A colossal caucus-night technological foul-up — straight out of a dystopian political novel — will make it harder for the state's Democratic Party to justify its prized status as the first in the nation to hold a presidential election contest every four years. More immediately, it provided an opening for both Republicans and Democrats to question the eventual outcome of this round of caucuses, and it threw into doubt the validity of varying election systems in races for federal office.
Kurt Meyer, the chairman of the Tri-County Democratic Party, which includes three rural Iowa counties, said he's "very worried" about the future of the caucuses.
"There were already enough pea shooters out there coming for Iowa. There were 49 other states saying, 'Why does Iowa get to do this?'" he said. "And now we just poured a gallon on kerosene on what was a smoldering ember."
David Plouffe, who ran Barack Obama's 2008 presidential campaign, said on MSNBC Monday night that extinguishing calls for Iowa to lose its status will be difficult now.
"We may be witnessing the last Iowa caucus," he said.
The campaigns of President Donald Trump and former Vice President Joe Biden — the winner of the Republican caucuses and the front-runner in national polling for the Democrats, respectively — both suggested that totals could be affected by the mishaps. Before the caucuses, Democratic insiders had begun furtive discussions about how to stop Sen. Bernie Sanders, I-Vt., if Sanders won Iowa and Biden lost steam.
The counting confusion became a kind of fog machine in which a few campaigns could hide what might have been poor performances in Iowa and sneak off to the next contests. Biden's campaign counsel wrote a letter to Iowa Democratic officials Monday night enumerating the "acute failures" of reporting systems and requesting an opportunity to contest the results before they are announced.
"[W]e believe that the campaigns deserve full explanations and relevant information regarding the methods of quality control you are employing, and an opportunity to respond, before any official results are released," Dana Remus wrote.

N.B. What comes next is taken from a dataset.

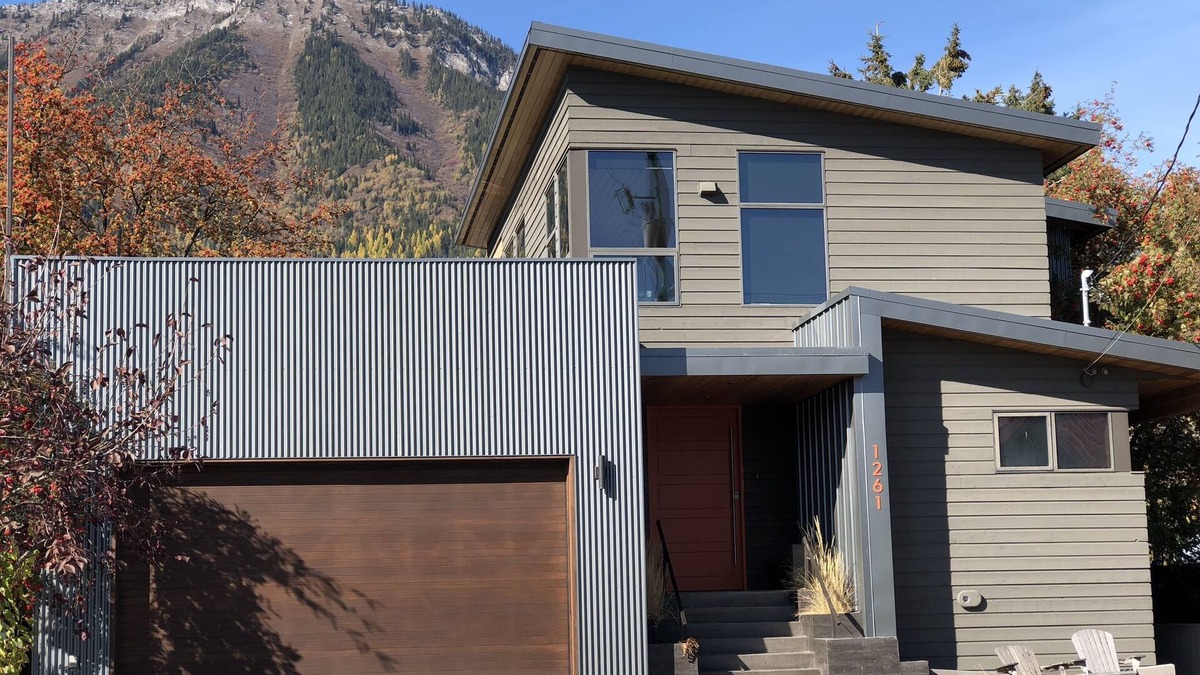 East Kootenay House | Modern Mountain Home , W/Hot tub and Air-Con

Trump's campaign reveled in pointing to the uncertainty on the Democratic side. His campaign manager, Brad Parscale, tweeted, "Quality control = rigged?" and "They can't even run a caucus and they want to run a government."

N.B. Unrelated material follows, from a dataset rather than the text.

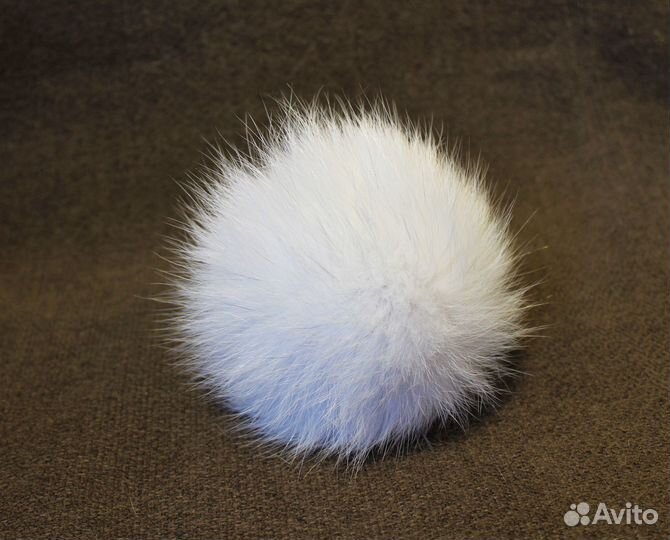 Помпоны из песца белые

The 2016 presidential election had already exposed the vulnerabilities of state and candidate computer systems. Some Democrats said Monday night that given those serious cybersecurity concerns, the technological difficulties in Iowa are likely to doom its future standing.

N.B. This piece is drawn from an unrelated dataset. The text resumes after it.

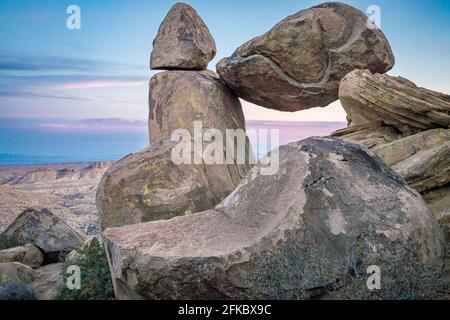 Balanced Rock al tramonto, Big Bend National Park, Texas, Stati Uniti d'America, Nord America Foto Stock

"Given the lingering questions about our election system's legitimacy after 2016, I think this is probably the end of Iowa's primacy in the process," said Jeff Smith, a former Missouri state senator and onetime political science professor at Dartmouth.
The nominating process is more complex in a caucus state than it is in a primary state, where voters simply cast ballots. State parties have varying rules, technology and reporting mechanisms. That means presidential elections aren't run the same way for the two parties. And there is always more attention paid to Iowa than any other state when there's not an incumbent running for one party or both because candidates campaign here for a year or more.
Chris Matthews, host of "Hardball," said on MSNBC Monday night that public confidence in elections would be improved if they were run in more similar fashion.
"The more consistent the machinery in this country, the better," he said.
But as each of the candidates gave speeches Monday night, thanking Iowans for their support and promising to campaign hard in New Hampshire, they chose not to hammer the state publicly for the party's failures.
Rep. Ro Khanna, D-Calif., a co-chairman of Sanders' campaign, told NBC News that Iowa should keep its place at the front of the Democratic presidential nominating process.
"The diversity of candidates succeeding in Iowa, in addition to the state's important rural communities, suggests it's a good place to start our presidential election," Khanna said in a text message. "Iowa should be viewed in conjunction with the other early states as launching the presidential cycle."
Sanders was one of a handful of candidates — along with former South Bend Mayor Pete Buttigieg, Massachusetts Sen. Elizabeth Warren and Biden — who were viewed as possible winners in the days leading up to the caucuses.
Only Buttigieg went so far as to declare himself "victorious" on the way out of Iowa Monday night. But no one really know if he had any basis for that claim. That's because without winners, there were no official losers — except the Iowa Democratic Party.